Massachusetts Legal Blog

U.S. Supreme Court to Decide Lawsuit Challenging DACA and DAPA Expansion-Immigration Law MA




On January 19, 2016, the United States Supreme Court accepted the Obama administration’s request to review the question as to the validity of the Immigration expansion program. Throughout President Obama’s campaigns, he made numerous promises to try to “fix” the United States immigration system. In November 2014, President Obama announced that he would use his Presidential Executive power to expand the Deferred Action for Childhood Arrivals (DACA) program to include more people who came to the United States as children. He wanted to remove the age cap so that people over age 31 could apply, allow people who entered before January 10, 2010 to apply, and increase the length of employment authorization from 2-3 years.

In addition, and more excitingly, he wanted to introduce a new Deferred Action for Parental Accountability (DAPA) program, which would allow parents of U.S. Citizens and Lawful Permanent Residents (children with green cards) who have lived peacefully and without problem in the United States for at least five years to apply for a renewable, temporary status with employment authorization.

Very quickly, however, several states filed a lawsuit challenging President Obama’s power to make these decisions.
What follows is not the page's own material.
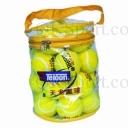 【TELOON】網球(24個圓桶裝) T802-24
Over the past year, these issues have been fought in several courts. Unfortunately, the courts have blocked the executive actions on immigration. However, now that the U.S. Supreme Court has accepted the request to hear the case, there is a chance that they will side with President Obama’s administration and decide that the prior actions were legal and should be enforced.

Although nothing can be stated with certain, the immigration attorneys at Shapiro Law Group, PC are hopeful that President Obama’s immigration reform will be enforced by the U.S. Supreme Court. Should you feel that you may be eligible for either the expanded DACA program or the new DAPA program, please contact the Immigration Division at Shapiro Law Group, PC for a free consultation.

Vivian Salib Crowell, Esq.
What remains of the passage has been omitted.